┌──
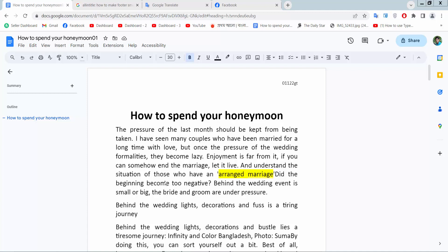Hello everyone, today I will show you how to remove or delete a header from your Google Docs document.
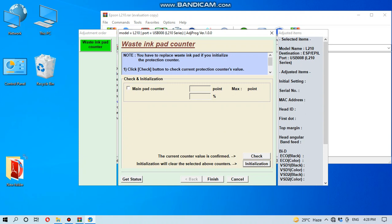Now we have to again read the main pad counter or ink pad. Let's start, and you have to click first main pad counter and then check.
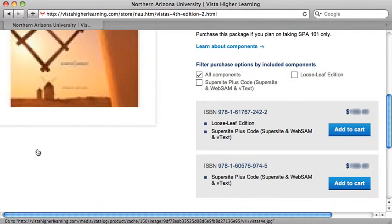You'll have a couple of options. One will be to order the SuperSite Plus Code, which gets you an access code to the website and a digital version of the textbook.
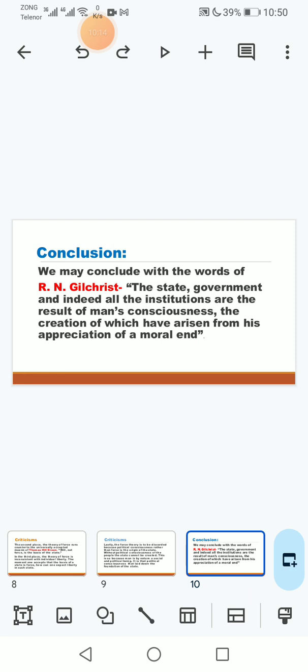To conclude, we conclude that the state, government and indeed all the institutions are the result of man's consciousness, the creation of which have risen from his appreciation of a moral end.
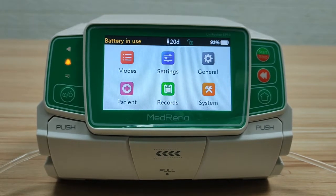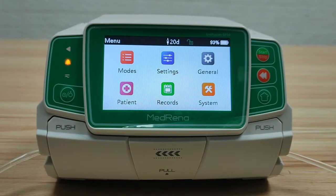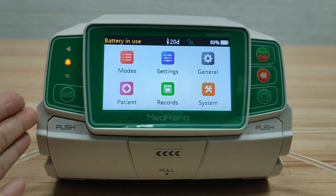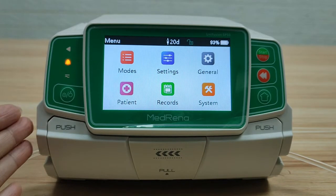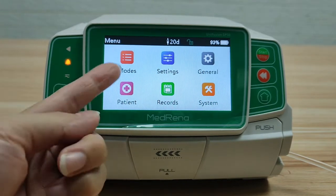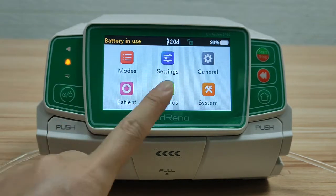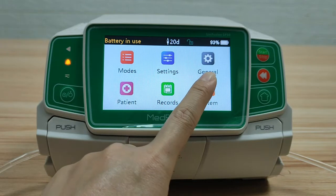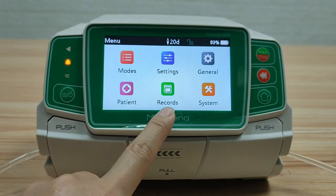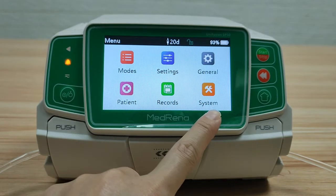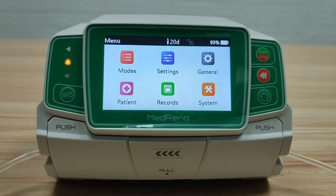This video introduces the various settings of the Madrina infusion pump, model name Unifusion VP50. This is the home page. There are six boxes on the screen: Modes, Settings, General, Patient, Records, and System. In the last video we introduced Modes.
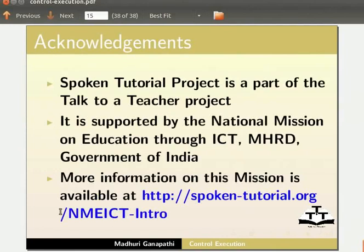This is Madhuri Ganpati from IIT Bombay signing off. Thank you for joining.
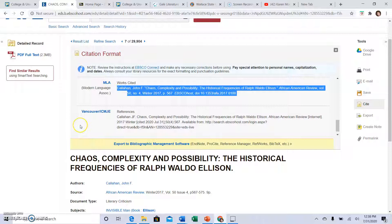Good luck with your research, and again, ask the librarians to help you if you feel like you're not getting the kind of research at the level it needs to be for a college-level essay.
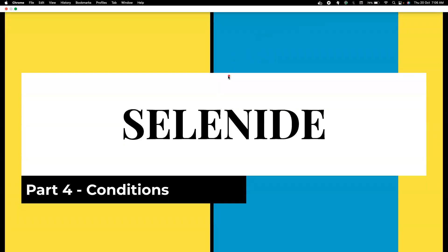Hi friends, welcome back to my channel Testing Minibytes. I'm your friend Amazen Septivel, hope you are doing good. We have covered three parts so far, and the conditions I'm going to cover in this particular video are very important, because we used to write a lot of code in order to wait for an element to be visible or clickable in Selenium. But in Selenide it's going to be much easier and much more readable.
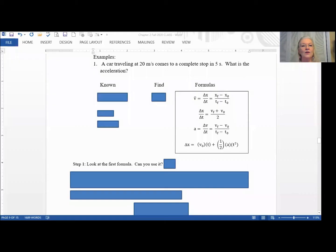Hi there, we're going to start our next video for Chapter 2 — I think it's video number 3. In order to do this I need to share my screen so you'll know what's going on.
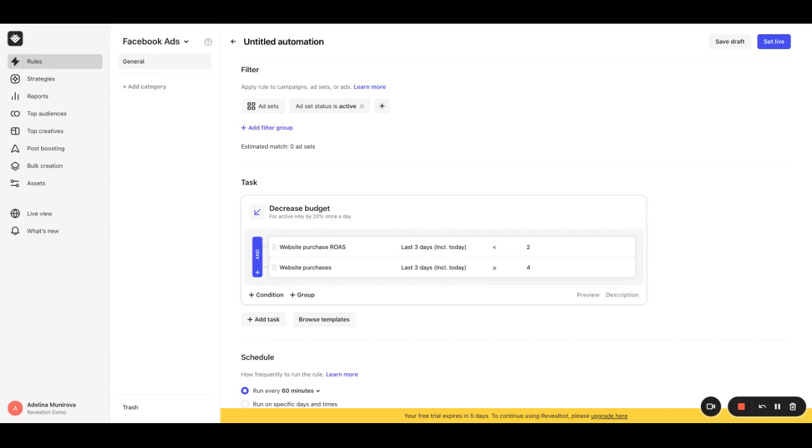Instead of checking this, we can have it checked to see if it's below the campaign average. To do that, highlight over the value, click the gear icon that appears, and choose metric.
└──
Task instructions
Take the entries above and copy exactly the lines starting at the one with "Now we have" and ending at the one with "You'll have a"; nothing outside that span, and no pictures.

Exercise result
Now we have to again read the main pad counter or ink pad. Let's start, and you have to click first main pad counter and then check.
You'll have a couple of options. One will be to order the SuperSite Plus Code, which gets you an access code to the website and a digital version of the textbook.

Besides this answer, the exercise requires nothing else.